The best books about women, politics and journalism in the post-World War II years

The Books I Picked & Why

The Good Girls Revolt: How the Women of Newsweek Sued Their Bosses and Changed the Workplace

By Lynn Povich

The Good Girls Revolt: How the Women of Newsweek Sued Their Bosses and Changed the Workplace

Why this book?

The book takes place beginning in the 1960s – a time of economic strength and cultural change. An increasing number of young, educated women entered the workforce, yet the newspaper help wanted ads were segregated by gender and the discrimination was common. In the midst of this time, Lynn Povich was hired at Newsweek, renowned for its strong coverage of civil rights and the changing social mores. But in reality, the job was a career dead end. Women researchers only occasionally became reporters, very rarely writers, and never editors. The limitations for women journalists were obvious.
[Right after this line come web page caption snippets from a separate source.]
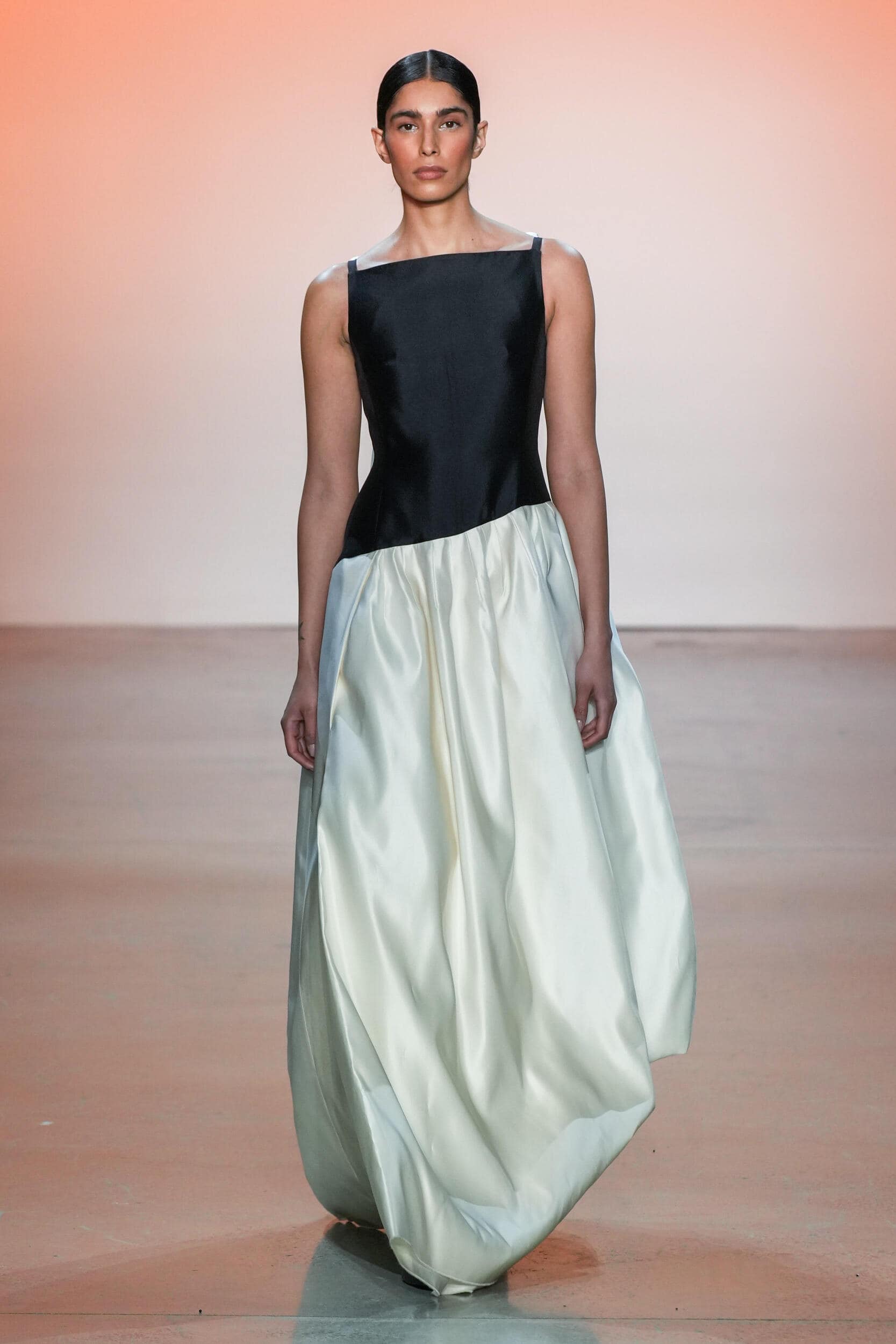 Son Jung Wan Fall 2023 Fashion Show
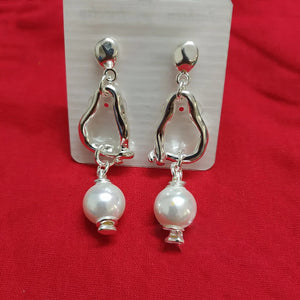 Spanish Electroplating 925 Silver Pearl Stud Earrings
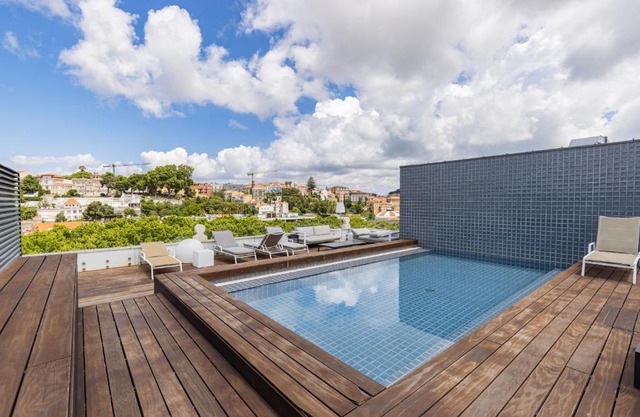 Liberdade Elegance W/Rooftop Pool by LovelyStay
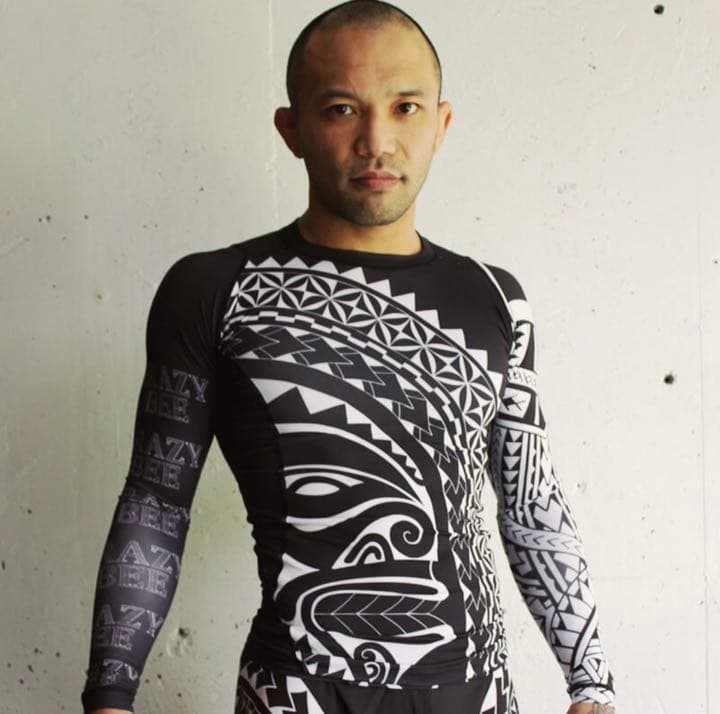 美品 KRAZY BEE 山本KID ラッシュガード セール中 山本 KID KRAZY BEE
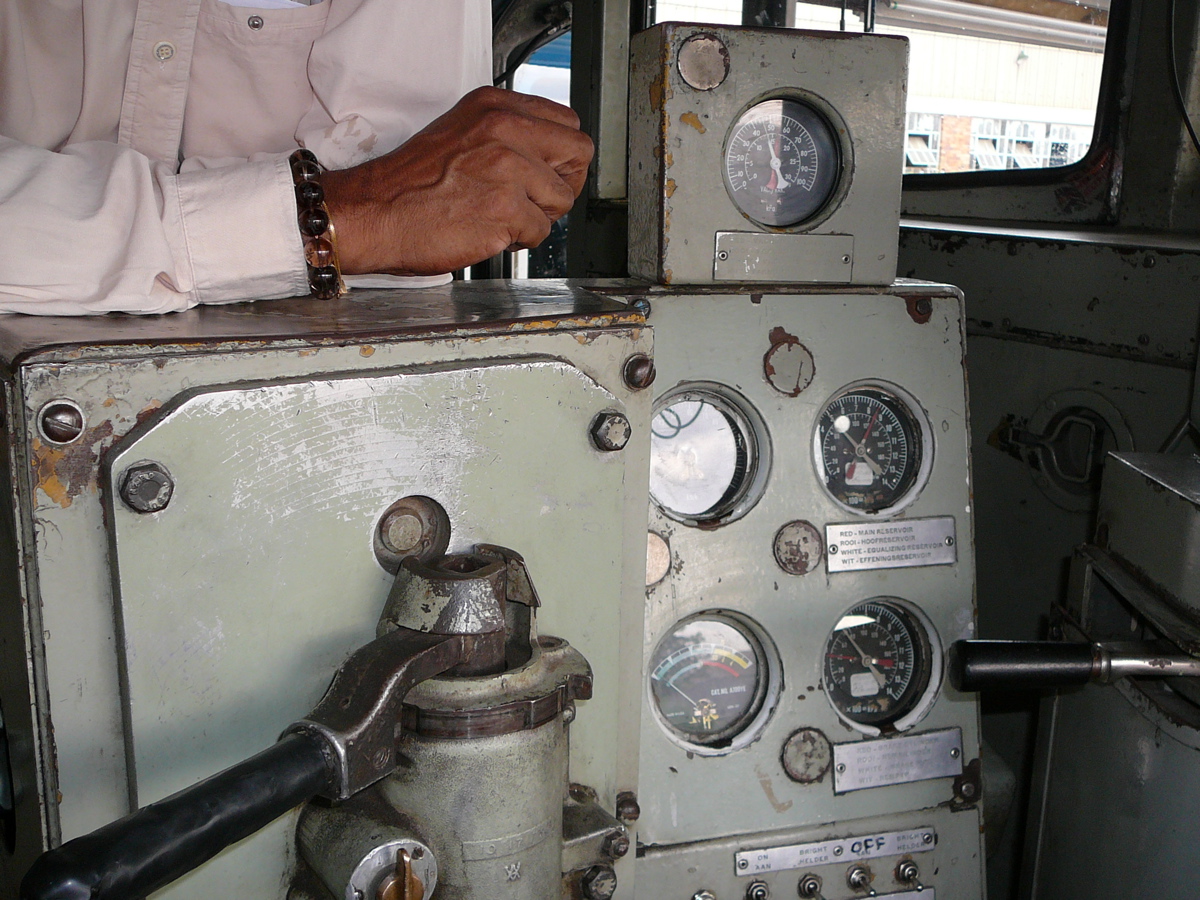 [Inside+the+GE+engine.jpg]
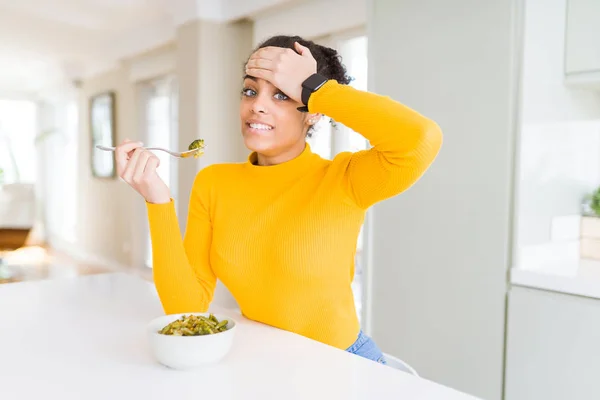 Jovem Afro Americana Comendo Vegetais Verdes Saudáveis Estressado Com Mão — Fotografia de Stock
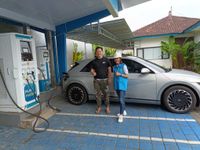 Libur Lebaran di Bali Nyaman Pakai Mobil Listrik, Ini Alasan Mereka Mobil Listrik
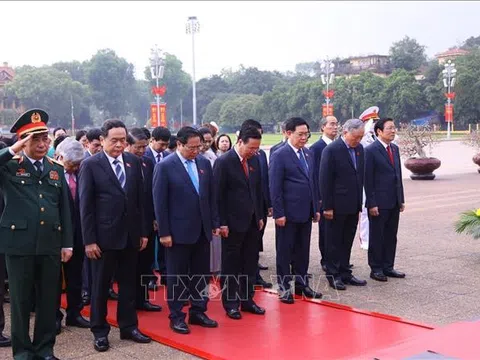 Đại biểu dự Kỳ họp thứ năm, Quốc hội khóa XV vào Lăng viếng Chủ tịch Hồ Chí Minh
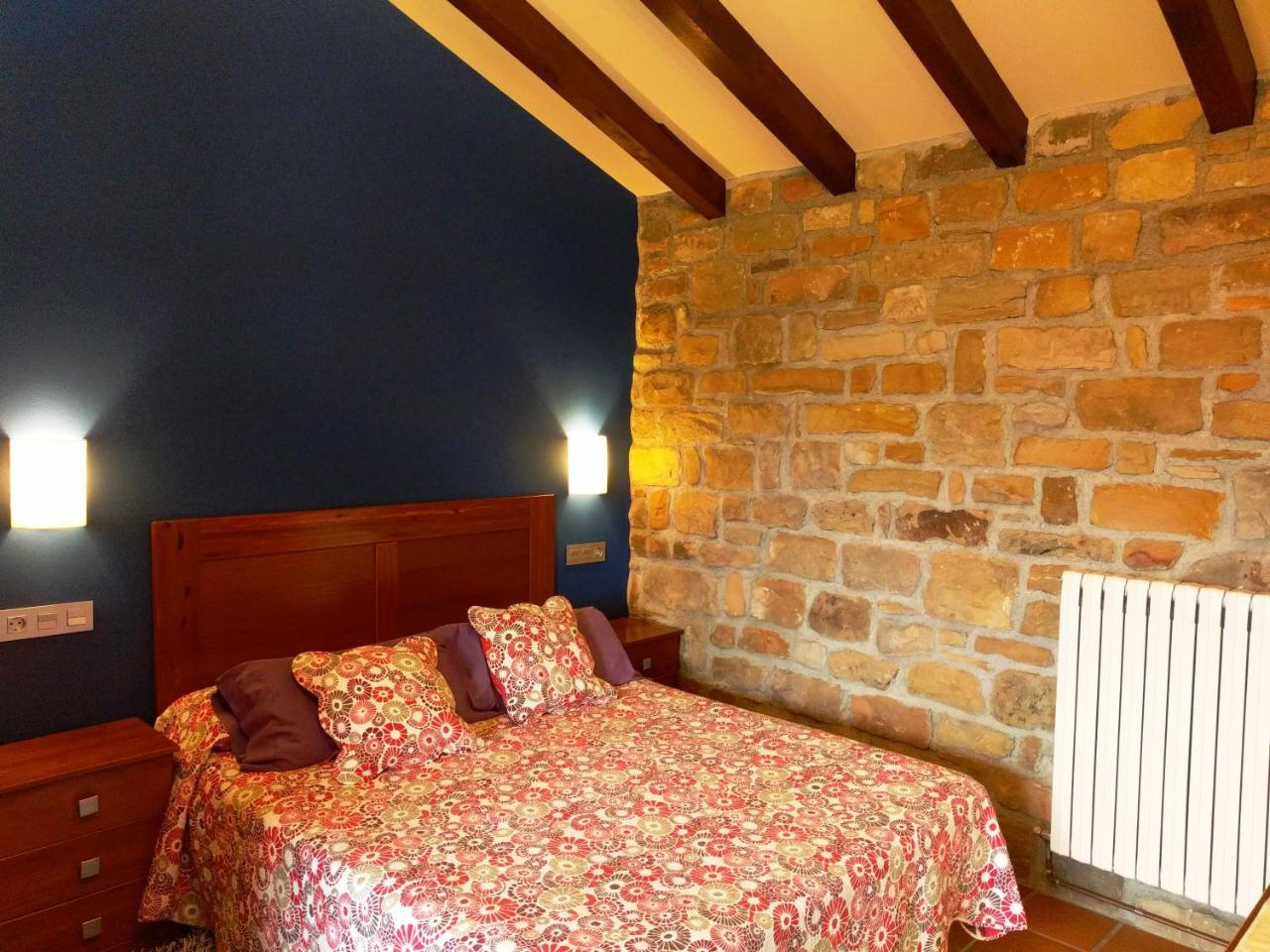 Apartamentos Rurales Knicasia Quintueles Εξωτερικό φωτογραφία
Then in March 1970, Newsweek published a cover story about the Women’s Liberation Movement called “Women in Revolt”. It was at the time that more than 40 Newsweek women charged the magazine with employment discrimination. Povich was one of the plaintiffs. In the book, Povich details the lives of several lawsuit participants. She explains the impact of the women’s personal experiences to their professional lives at a changing time. This book is helpful in understanding how lawsuits helped create a change for women in the workforce, and journalism specifically.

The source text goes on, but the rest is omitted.